Llegaron a Upala y levantaron champas. Con el paso del tiempo han ido mejorando las viviendas. La primera vez que visité el campamento en 2021, en la nave central del lugar donde se reúnen los campesinos para sus reuniones políticas o logísticas, estaba el siguiente pensamiento pintado en lo alto de la pared de tablas: “Produciendo la tierra desde el exilio, para resistir y luchar para alcanzar la libertad. ¡Solo el pueblo salva al pueblo!”. Una mantra para la resistencia colectiva.
Y esa resistencia no sólo tiene que ver con el activismo político que mantiene doña Chica, sino con los problemas diarios que, como productores, se han enfrentado en Costa Rica. Una tramitología más compleja que la de Nicaragua para comercializar productos agrícolas y lácteos. Gracias al apoyo de organismos de cooperación internacional, pero sobre todo al esfuerzo propio, han logrado depender económicamente de la venta de queso y crema. Hace poco consiguieron instalar una estación de ordeño, lo cual agiliza el proceso. Un pequeño cuarto para procesar el queso, descremar leche y para pasteurizar. Doña Chica coordina la venta de lácteos en San José.
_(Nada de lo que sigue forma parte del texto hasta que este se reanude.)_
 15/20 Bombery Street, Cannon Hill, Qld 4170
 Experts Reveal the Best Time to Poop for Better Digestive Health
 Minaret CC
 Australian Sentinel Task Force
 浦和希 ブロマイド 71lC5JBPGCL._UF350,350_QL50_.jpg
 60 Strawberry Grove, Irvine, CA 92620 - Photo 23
Por ahora es una pequeña industria que esperan ensanchar en la medida que las vacas se reproduzcan
“Soñamos que vamos a poder sostenernos por nosotros mismos. Hasta este momento, pues hemos logrado garantizar la seguridad alimentaria. Hemos estado buscando mejoras en la vivienda porque hay muchos niños y adolescentes que necesitan vivir dignamente. Entonces hemos estado mejorando, pues para que ellos puedan vivir mejor aquí en el exilio. Tenemos que salir adelante mientras regresamos a Nicaragua, porque no sabemos cuándo será eso, porque no vemos una mejora de la crisis”, dice doña Chica, mientras redondea su idea con una risita de satisfacción.
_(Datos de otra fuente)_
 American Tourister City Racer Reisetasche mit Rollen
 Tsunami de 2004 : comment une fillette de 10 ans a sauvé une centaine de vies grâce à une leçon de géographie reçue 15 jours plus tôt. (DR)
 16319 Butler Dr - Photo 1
Las familias campesinas ya han tenido hijos en el campamento de Upala. Una nueva generación nacida en el exilio. Doña Chica que es madre de los suyos – y de alguna manera de todos en este campamento– encuentra en esta reciente camada más determinación para la dualidad de su vida –y el campamento–: una tierra para que los campesinos produzcan y libertad para Nicaragua, pero todo ello aderezado de otra palabra recurrente en esta líder campesina: “dignidad”.
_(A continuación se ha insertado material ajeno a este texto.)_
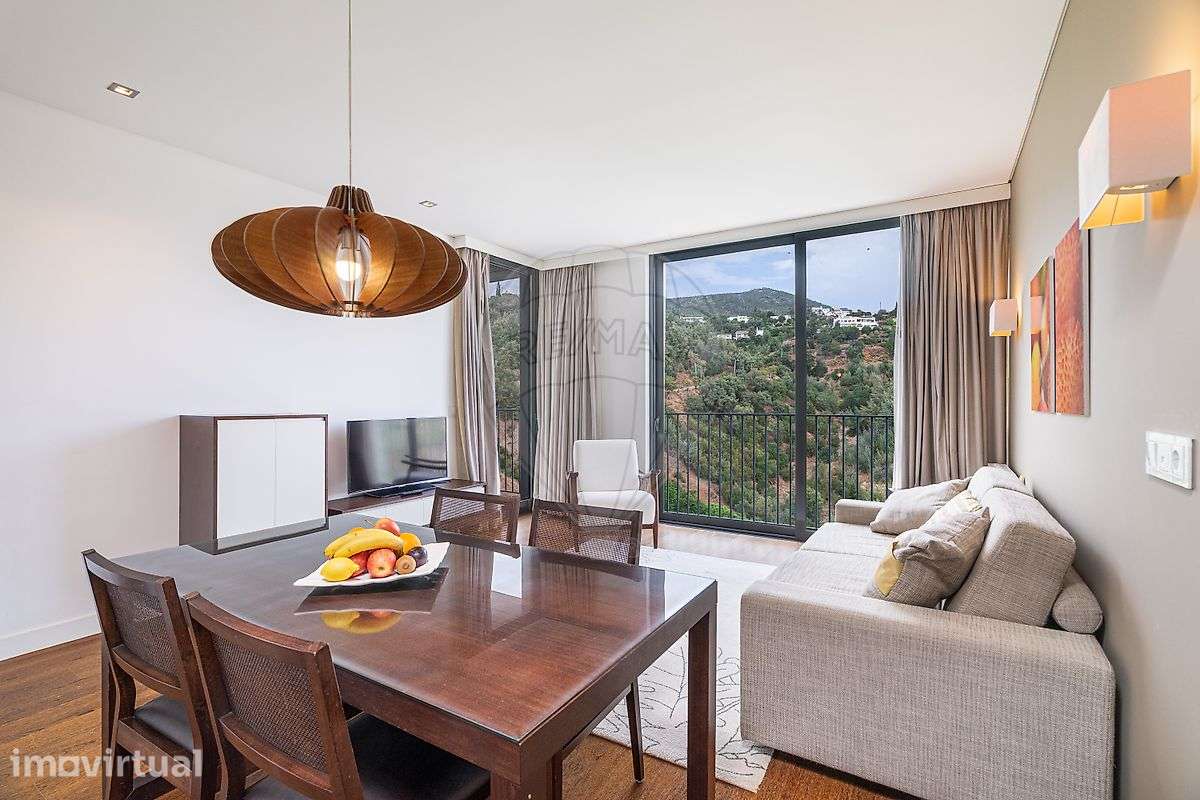 Apartamento T1 para venda - Grande imagem: 3/27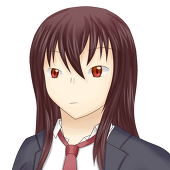 ののなか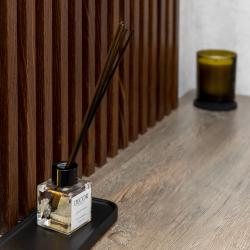 Фото Отель ВыДома на проезде Заречный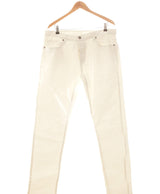 383009 Jeans JULES Occasion Once Again Friperie en ligne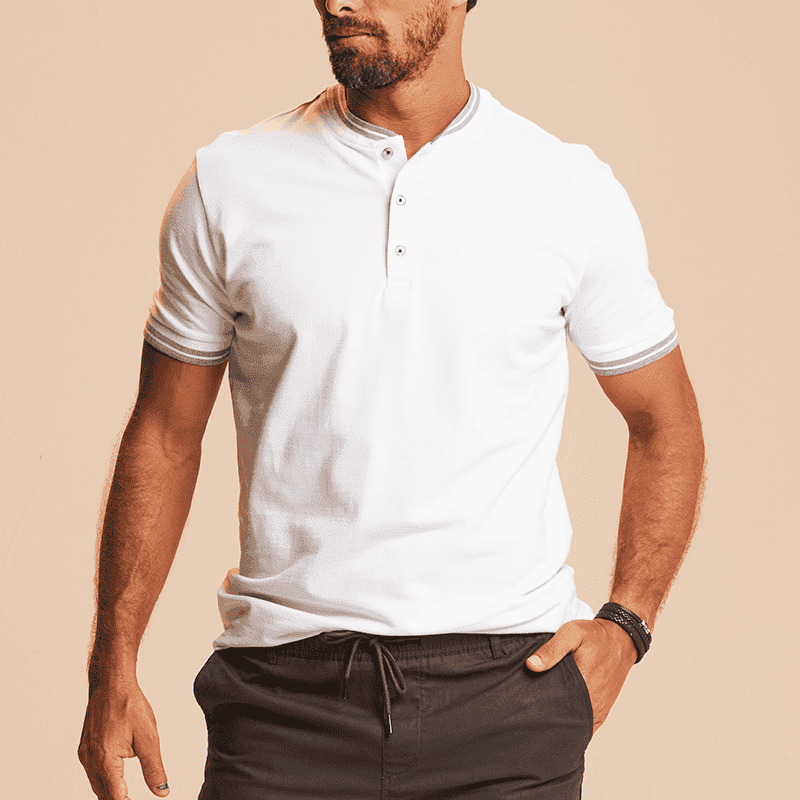 Camiseta — imagem 1
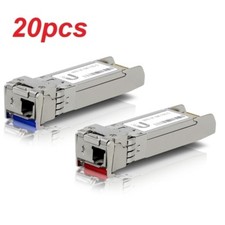 UF-SM-10G-S-20 Module, PLC, LCD, Board, Controller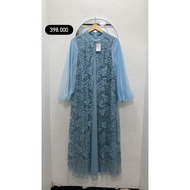 YUKI Femme| Yuki femme dress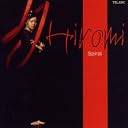 CD Cover Art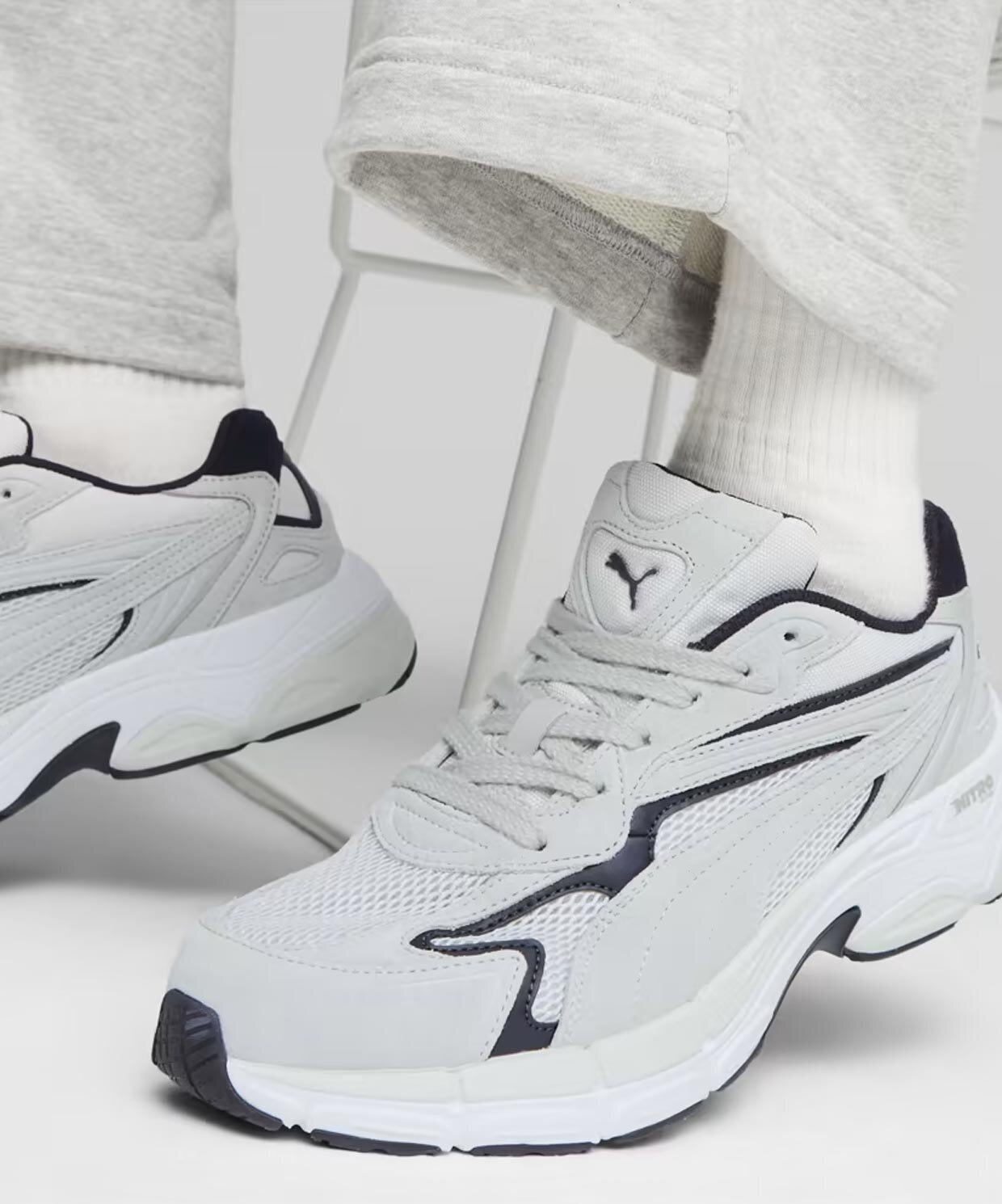 Puma Teveris Nitro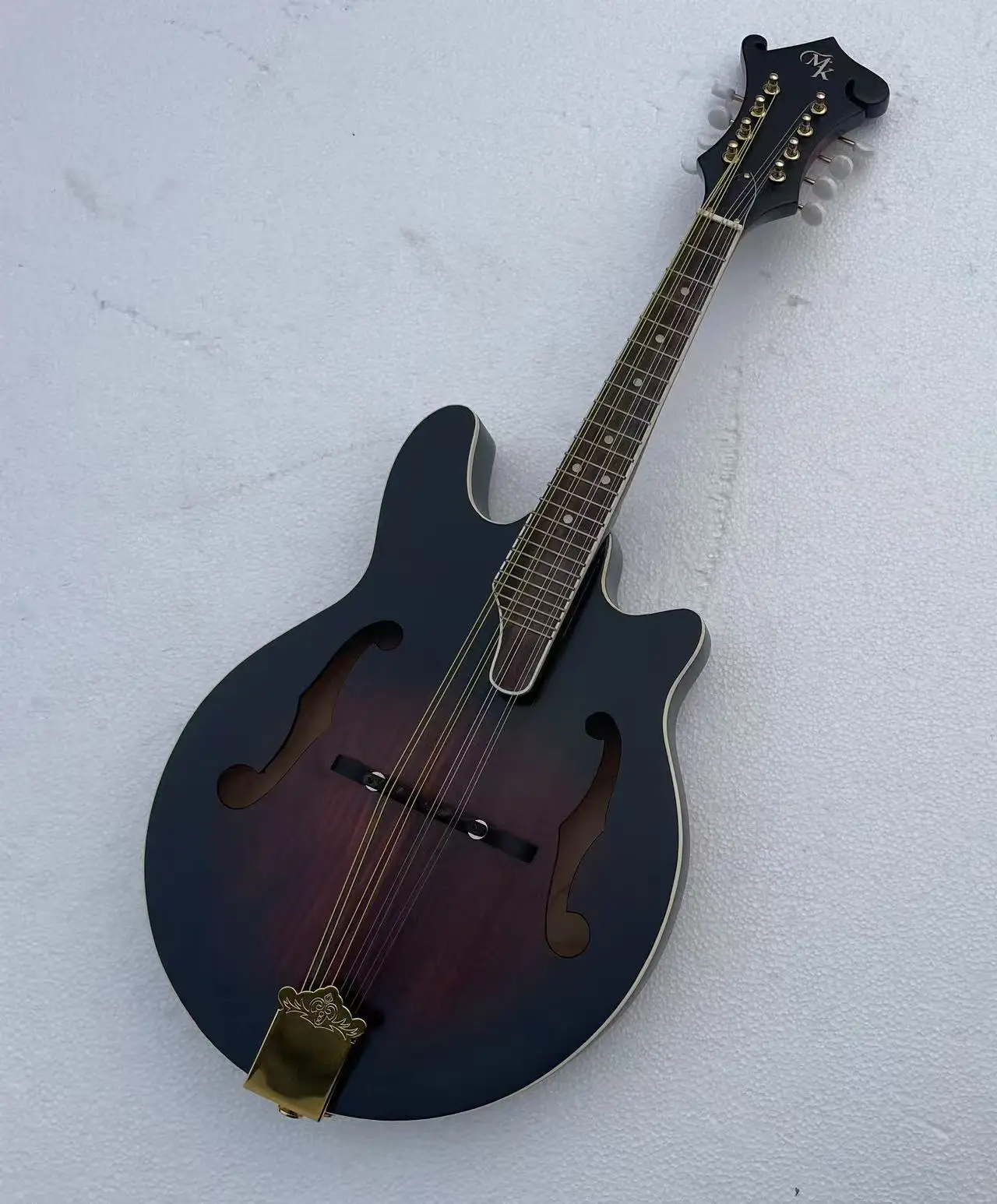 S582c3a72cde444b69bceb88b4f96a7feQ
“Este esfuerzo en ambos sentidos lo hacemos para que ellos puedan tener dignidad o sentirse digno para vivir aquí en el exilio. Para ellos no es exilio, pero hemos logrado enseñarles que producir la tierra es importante, también la integración de la comunidad. Estamos en una zona rural, campesina y casi la mayoría de personas que tenemos alrededor producen y hacen lo mismo que nosotros. Entonces por eso estamos acá, para que los niños no sigan perdiendo su cultura campesina. Pero también hemos estado logrando que ellos puedan educarse. Han salido varios ya para la universidad. Este año van a salir varios y no han dejado de estudiar. Para nosotros es esencial pensar que tienen que educarse, para llegar a ser personas diferentes. Personas útiles en nuestro país y colaborar en el desarrollo de nuestro país cuando regresemos”, apuesta doña Chica.
La tarde cae en Upala. El aguacero acaba de pasar. Los perros salen de la modorra cuando el fogón para la cena –a eso de las cuatro de la tarde– vuelve a prenderse. Doña Chica está a lado de la leña que crepita. El café vuelve a perfumar el área que ocupa el comedor rectangular de madera áspera, estilo pícnic. El tercer tiempo de comida del día lo aporta la tierra que los campesinos labran y cultivan. Pronto habrá que irse a dormir. Hay que ordeñar en la madrugada. Doña Chica pone en modo silencioso su celular.